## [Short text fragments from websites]
━━━━━━━━━━━━━━━━━━━━━━━━━━━━━━

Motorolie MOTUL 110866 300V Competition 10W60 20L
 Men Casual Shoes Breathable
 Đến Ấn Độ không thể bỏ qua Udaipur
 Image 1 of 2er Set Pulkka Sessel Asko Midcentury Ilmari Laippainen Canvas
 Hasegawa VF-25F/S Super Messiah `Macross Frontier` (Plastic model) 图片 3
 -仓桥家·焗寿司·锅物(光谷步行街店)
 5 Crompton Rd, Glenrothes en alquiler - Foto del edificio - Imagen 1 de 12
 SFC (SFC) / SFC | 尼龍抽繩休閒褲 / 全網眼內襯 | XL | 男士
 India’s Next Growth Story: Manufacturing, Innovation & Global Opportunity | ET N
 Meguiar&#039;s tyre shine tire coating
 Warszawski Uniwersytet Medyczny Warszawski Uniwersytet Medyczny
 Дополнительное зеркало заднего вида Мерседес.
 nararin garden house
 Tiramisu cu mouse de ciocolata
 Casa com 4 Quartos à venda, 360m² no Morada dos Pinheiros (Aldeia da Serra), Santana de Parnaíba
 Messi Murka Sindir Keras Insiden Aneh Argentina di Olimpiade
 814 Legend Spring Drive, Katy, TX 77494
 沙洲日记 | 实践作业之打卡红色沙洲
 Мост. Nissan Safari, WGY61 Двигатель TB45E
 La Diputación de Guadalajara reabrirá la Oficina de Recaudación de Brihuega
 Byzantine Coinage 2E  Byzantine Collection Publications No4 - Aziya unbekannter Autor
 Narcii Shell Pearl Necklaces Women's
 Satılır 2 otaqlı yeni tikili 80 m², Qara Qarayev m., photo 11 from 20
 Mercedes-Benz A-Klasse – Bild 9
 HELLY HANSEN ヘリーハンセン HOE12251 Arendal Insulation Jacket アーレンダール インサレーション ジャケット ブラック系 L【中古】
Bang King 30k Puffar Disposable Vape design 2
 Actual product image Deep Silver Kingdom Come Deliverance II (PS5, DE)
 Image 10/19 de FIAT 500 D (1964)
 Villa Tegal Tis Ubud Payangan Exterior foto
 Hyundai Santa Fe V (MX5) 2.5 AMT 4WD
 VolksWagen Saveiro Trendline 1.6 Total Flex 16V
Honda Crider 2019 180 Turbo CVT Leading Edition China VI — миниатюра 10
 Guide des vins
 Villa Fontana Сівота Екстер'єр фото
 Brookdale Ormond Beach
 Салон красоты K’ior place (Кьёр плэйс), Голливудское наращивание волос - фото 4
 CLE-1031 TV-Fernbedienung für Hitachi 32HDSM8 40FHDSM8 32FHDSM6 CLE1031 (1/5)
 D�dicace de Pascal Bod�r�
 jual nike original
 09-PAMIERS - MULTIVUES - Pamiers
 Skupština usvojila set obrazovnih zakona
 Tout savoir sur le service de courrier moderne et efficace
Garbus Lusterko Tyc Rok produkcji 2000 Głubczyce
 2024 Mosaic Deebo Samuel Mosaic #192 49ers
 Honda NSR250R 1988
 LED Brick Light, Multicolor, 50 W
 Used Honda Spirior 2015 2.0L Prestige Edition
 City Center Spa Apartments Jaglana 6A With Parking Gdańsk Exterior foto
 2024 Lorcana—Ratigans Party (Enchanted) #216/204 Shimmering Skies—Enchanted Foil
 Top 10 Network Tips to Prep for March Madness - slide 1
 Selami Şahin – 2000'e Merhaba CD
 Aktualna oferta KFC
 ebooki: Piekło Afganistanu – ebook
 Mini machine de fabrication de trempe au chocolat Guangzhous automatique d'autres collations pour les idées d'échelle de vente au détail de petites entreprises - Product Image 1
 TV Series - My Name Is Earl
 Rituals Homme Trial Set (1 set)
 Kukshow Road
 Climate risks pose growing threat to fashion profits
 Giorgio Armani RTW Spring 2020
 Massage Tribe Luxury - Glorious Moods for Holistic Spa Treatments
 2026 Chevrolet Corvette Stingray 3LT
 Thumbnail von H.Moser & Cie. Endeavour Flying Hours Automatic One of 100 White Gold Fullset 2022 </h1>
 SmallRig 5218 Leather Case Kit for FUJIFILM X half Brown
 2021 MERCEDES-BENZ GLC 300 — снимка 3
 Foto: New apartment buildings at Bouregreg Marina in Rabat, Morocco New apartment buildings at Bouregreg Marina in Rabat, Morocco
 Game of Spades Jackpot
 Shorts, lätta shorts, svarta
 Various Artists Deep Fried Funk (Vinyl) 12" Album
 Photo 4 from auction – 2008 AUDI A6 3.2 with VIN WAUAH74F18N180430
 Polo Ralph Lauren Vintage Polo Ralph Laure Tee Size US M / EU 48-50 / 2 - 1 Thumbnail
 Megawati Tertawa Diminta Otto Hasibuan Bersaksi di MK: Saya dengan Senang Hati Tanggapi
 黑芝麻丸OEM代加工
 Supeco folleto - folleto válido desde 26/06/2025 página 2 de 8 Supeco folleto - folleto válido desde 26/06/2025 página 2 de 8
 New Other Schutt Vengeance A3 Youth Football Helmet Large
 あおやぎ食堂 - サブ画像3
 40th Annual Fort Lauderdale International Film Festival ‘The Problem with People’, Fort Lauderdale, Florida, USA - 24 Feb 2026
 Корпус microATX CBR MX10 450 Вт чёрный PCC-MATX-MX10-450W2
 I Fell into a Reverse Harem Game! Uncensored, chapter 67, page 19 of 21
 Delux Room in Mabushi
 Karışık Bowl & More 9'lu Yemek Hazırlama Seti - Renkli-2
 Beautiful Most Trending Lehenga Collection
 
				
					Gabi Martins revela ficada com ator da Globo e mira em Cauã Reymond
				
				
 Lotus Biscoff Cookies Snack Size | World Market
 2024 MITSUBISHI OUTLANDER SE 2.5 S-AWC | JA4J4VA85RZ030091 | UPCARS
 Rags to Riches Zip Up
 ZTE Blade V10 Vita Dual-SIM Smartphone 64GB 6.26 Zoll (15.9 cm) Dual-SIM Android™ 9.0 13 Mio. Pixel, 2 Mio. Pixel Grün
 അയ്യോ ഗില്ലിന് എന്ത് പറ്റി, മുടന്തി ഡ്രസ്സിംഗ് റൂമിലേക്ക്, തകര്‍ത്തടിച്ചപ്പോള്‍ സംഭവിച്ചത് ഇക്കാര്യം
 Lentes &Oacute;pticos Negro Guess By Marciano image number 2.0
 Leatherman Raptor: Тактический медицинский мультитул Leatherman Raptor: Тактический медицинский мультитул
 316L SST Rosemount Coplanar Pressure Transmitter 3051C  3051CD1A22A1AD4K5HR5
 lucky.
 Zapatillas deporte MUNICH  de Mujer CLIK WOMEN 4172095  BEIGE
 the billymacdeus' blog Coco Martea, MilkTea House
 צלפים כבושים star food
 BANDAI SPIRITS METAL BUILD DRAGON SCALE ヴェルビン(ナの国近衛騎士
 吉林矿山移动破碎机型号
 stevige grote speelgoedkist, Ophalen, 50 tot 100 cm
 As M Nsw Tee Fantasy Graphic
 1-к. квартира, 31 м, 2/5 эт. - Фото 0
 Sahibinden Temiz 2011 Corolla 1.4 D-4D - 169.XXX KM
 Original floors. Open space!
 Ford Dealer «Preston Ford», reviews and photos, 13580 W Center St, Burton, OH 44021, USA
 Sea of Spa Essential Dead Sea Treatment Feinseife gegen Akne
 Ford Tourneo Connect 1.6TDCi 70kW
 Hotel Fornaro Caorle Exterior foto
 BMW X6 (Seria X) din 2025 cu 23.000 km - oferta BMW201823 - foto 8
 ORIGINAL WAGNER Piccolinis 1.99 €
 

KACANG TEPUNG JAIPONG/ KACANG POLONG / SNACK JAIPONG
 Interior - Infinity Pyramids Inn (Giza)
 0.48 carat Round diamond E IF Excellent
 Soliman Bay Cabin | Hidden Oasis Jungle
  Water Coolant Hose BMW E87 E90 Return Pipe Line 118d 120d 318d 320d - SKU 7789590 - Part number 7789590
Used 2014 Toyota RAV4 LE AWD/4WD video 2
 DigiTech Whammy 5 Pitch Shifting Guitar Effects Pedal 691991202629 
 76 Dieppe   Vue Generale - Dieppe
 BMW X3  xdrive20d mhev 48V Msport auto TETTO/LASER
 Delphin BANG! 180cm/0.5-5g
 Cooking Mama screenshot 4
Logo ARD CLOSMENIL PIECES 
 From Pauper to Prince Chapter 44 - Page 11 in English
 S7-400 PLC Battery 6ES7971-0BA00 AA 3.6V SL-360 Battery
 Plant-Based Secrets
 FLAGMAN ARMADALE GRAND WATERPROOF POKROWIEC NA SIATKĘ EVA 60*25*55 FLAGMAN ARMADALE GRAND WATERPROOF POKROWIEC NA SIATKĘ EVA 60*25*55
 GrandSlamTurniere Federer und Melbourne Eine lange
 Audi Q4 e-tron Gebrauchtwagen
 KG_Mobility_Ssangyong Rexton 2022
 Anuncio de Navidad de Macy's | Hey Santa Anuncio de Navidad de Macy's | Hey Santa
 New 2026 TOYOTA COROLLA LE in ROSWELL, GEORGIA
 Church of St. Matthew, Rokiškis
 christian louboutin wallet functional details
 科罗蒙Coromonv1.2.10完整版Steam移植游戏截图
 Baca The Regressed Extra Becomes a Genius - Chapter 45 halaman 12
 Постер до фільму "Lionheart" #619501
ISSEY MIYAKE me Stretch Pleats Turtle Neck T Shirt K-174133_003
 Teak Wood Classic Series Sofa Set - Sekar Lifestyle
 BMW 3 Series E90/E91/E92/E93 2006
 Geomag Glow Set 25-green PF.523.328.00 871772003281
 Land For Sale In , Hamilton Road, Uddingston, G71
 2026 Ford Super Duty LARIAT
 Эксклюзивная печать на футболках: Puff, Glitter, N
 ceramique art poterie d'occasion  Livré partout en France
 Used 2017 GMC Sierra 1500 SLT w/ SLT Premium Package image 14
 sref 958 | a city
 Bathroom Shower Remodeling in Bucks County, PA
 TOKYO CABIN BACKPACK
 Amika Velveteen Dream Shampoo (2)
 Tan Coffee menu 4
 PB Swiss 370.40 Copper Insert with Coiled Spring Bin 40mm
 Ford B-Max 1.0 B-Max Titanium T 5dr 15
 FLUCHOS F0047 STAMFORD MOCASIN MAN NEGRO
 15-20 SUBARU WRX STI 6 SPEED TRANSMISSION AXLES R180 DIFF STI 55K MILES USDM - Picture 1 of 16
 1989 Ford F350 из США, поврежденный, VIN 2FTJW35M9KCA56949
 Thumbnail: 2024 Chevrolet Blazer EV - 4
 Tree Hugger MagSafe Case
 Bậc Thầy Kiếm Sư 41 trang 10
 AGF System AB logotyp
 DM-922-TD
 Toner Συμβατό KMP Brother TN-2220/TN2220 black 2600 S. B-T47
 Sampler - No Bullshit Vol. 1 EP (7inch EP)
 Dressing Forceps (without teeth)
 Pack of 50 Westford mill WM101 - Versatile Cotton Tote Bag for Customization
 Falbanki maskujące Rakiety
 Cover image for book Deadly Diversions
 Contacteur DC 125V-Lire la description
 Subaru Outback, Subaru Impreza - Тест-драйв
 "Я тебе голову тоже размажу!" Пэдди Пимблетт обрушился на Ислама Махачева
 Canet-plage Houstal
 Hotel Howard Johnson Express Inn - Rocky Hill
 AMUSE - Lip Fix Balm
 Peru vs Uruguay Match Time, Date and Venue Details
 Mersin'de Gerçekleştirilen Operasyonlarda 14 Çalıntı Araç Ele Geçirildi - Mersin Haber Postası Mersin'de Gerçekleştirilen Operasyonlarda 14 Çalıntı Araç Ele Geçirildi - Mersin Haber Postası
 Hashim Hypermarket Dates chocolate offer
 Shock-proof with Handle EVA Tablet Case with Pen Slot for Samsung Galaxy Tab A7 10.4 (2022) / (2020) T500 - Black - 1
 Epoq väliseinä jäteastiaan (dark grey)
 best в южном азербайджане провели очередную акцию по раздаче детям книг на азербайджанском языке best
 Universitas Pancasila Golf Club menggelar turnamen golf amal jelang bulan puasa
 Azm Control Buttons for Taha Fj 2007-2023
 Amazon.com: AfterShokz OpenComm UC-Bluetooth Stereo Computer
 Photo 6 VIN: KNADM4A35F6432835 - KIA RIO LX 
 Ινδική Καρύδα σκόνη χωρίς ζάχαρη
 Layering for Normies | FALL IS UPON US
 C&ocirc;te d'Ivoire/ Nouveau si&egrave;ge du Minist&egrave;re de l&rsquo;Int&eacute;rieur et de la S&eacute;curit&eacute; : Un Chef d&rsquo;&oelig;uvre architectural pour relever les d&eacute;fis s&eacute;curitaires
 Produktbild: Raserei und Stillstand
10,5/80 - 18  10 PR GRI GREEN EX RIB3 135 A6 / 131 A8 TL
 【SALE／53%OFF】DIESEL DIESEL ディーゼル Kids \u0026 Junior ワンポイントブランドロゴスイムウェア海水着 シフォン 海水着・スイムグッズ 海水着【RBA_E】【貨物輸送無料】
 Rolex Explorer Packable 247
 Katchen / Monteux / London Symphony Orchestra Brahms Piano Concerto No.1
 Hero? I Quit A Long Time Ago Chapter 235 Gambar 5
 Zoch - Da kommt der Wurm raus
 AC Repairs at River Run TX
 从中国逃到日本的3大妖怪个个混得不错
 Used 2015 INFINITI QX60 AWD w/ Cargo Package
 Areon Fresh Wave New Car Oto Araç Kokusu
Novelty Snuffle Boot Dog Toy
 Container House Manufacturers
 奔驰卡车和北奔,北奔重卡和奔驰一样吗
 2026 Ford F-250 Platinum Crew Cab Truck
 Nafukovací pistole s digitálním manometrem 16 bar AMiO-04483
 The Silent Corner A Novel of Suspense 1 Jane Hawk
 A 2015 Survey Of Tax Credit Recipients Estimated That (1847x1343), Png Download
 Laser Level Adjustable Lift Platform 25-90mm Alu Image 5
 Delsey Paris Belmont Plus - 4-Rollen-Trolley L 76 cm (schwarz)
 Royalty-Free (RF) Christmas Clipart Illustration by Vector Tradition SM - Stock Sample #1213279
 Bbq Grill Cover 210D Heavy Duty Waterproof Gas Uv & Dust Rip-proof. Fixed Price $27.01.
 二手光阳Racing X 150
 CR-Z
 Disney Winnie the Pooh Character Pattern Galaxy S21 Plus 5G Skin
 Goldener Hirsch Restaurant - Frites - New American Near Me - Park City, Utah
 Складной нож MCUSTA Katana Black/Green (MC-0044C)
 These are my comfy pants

━━━━━━━━━━━━━━━━━━━━━━━━━━━━━━

## [The task]
Looking at the data above, return every line from the one with "2026 Ford F-250 Platinum Crew Cab Truck" down to the one with "Delsey Paris Belmont", exactly and inclusively.

## [Problem solution]
 2026 Ford F-250 Platinum Crew Cab Truck
 Nafukovací pistole s digitálním manometrem 16 bar AMiO-04483
 The Silent Corner A Novel of Suspense 1 Jane Hawk
 A 2015 Survey Of Tax Credit Recipients Estimated That (1847x1343), Png Download
 Laser Level Adjustable Lift Platform 25-90mm Alu Image 5
 Delsey Paris Belmont Plus - 4-Rollen-Trolley L 76 cm (schwarz)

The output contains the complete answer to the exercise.